Despite having a strong production base, Pakistan has to import sugar

Jun 12 - 18, 2000

Pakistan may have to import at least 400,000 tonnes of sugar this year due to shortfall in production during last crushing season. This shortfall, however, was not unexpected, as the professionals, engaged in this business, had already predicted about the setback.

To describe the shortfall as setback seems to be an appropriate word specially when a country, having a strong agriculture and industrial base for sugar production, reverts to the position of an importer after remaining in the exports for quite sometimes. The sugar industry exported 500,000 tonnes each year. The total production of sugar during last season was estimated at 2.400 million tonnes against the requirement of 28-29 lakh tonnes.

It is unfortunate that the economic planners did not pay heed to the forecast by the sugar experts about the shortfall they had declared some 6-month back. The sugar price at that time was $180-$190 a tonne in the international market which has now shot up to the current price level of $260 a tonne. Everybody knows that one-year forward trading is in vogue all over the world. Had we entered the forward trading 6-month earlier for import of 300,000 tonnes we would pay only $57 million instead of $78m as a result of rise in the international prices.

This means that if Pakistan goes for import of 300,000 tonnes of sugar to meet its requirement and it has to go, the economy has to bear the burden of an additional cost of $21 million or Rs1.13 billion due to price escalation.

At present, the sugar industry has an inventory stock of around 619,000 tonnes of sugar which is hardly enough for 3 months i.e. June-August, as we consume around 220,000 tonnes per month. September-October is the lean period for which we have to import sugar.

The crushing season starts from mid-October in Sindh and from middle of November in Punjab every year. This means that the country would have to depend on imported sugar at least for three months consumption.

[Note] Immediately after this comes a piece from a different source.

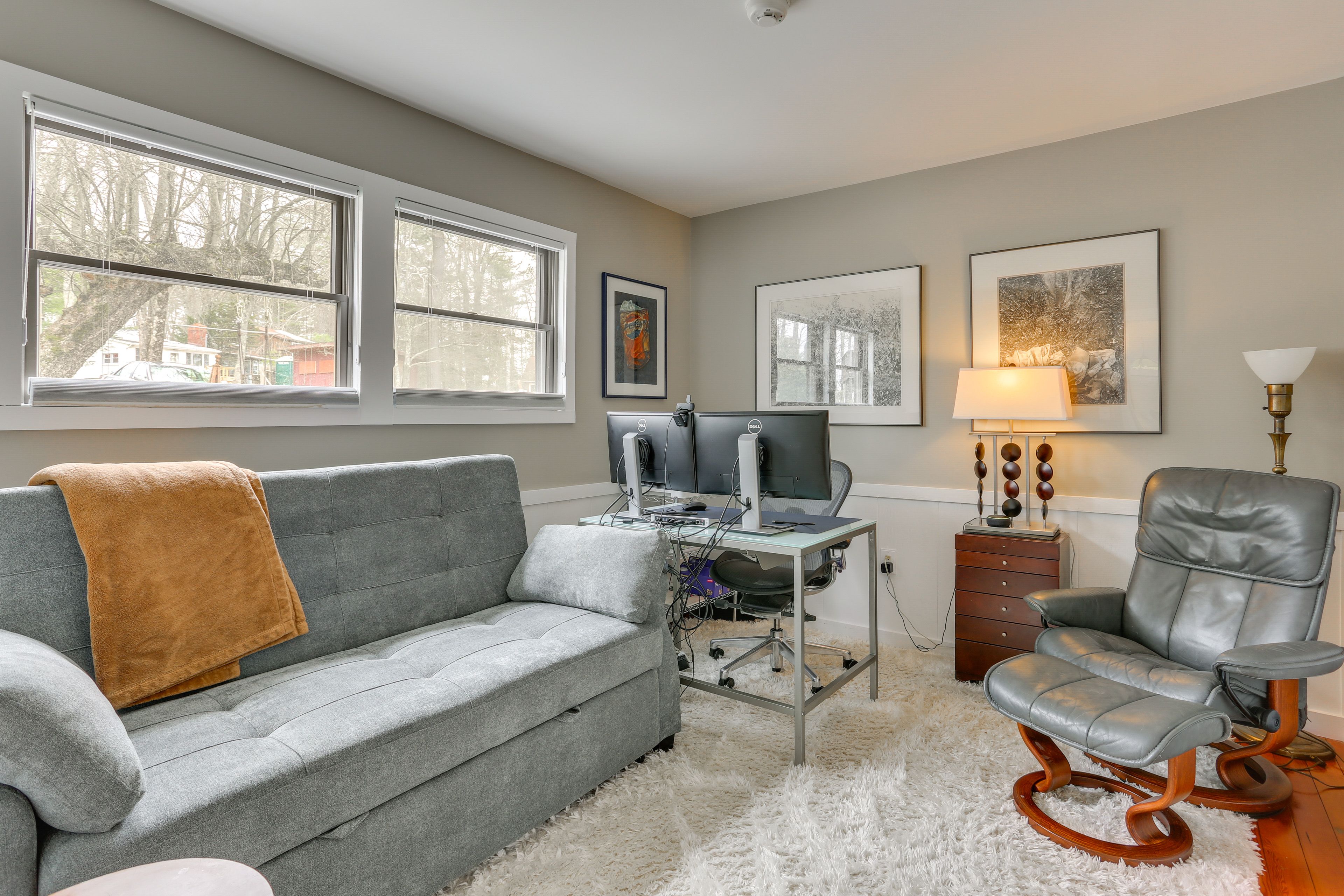 Bedroom 2 | Queen Sleeper Sofa | Laptop Workspace | 1st Floor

Replying to a question regarding start of the crushing activity at least one month earlier with a view to save the precious foreign exchange, the experts observed that going before schedule would amount to a huge loss of recovery of sugar out of the cane crop. Immature crop contains a very little of sugar in canes. For example, the current age of the crop would produce hardly one per cent of the sugar. The recovery level would increase to 7-8 per cent in October and November. The crop could yield even up to 11 per cent if the crushing would start in January. Hence early crushing in no way is commercially feasible. Even the Oct-November crushing cannot be described as an ideal situation as the crop usually gets fully matured in December-January.

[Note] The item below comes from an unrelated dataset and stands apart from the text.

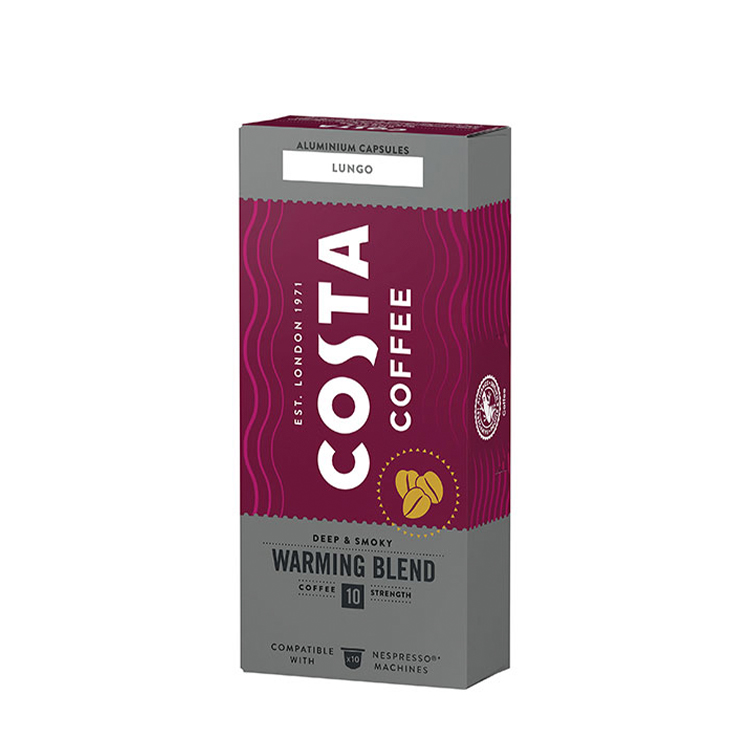 Opakowanie COSTA Coffee Warming Blend Lungo w kapsułkach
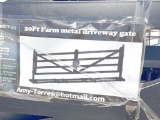 2022 20ft Farm Metal Driveway Gate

Spelling out the factors leading to current shortfall in sugar production, the experts said that beside other factors, introduction of an Indian variety of sugarcane commonly known as "DISCO" was one of the major factor for production. This variety of cane comparatively carries much less amount of sugar contents as compared to local varieties. However it is heavier in terms of weight which attracts the interest of the grower. A ban was put on that variety sometimes back but was lifted later for unknown reasons. Other factors for less production include reduction in the area under cultivation for cane crop, unfavourable weather conditions, less rains and of course the cyclone factor which had hit the cane growing belt in Badin and Thatta areas last year. At least 30 per cent crop was damaged by that sea storm.

All said and done the fact remains that the consumers already under severe price hike pressure are forced to buy sugar at Rs23-24 per kg mainly due to mismanagement on the part of the people at the helm of affairs. There is a general practice of maintaining a buffer stock of sugar by every sugar producing country. In India, the government releases sugar out of the buffer stocks to maintain the price level in the market whenever it is needed.

Despite having a strong production base of sugar industry with 75 units and installed production capacity of 4.867 million tonnes, the industry has always been suffered of 50 per cent capacity utilization less than the installed capacity. The sugar industry despite having all potentials to support country's export base never gained the status of a cash crop. The current situation is rather hopeless as the country instead of having any gains out of the strong industrial base, is compelled to import sugar at a much higher price to meet its requirement. This is only because of lack of coordination between the economic planners and the industry. Situation demands that a comprehensive sugar policy be evolved supporting the industry to produce sugar both for the domestic needs as well as for exports.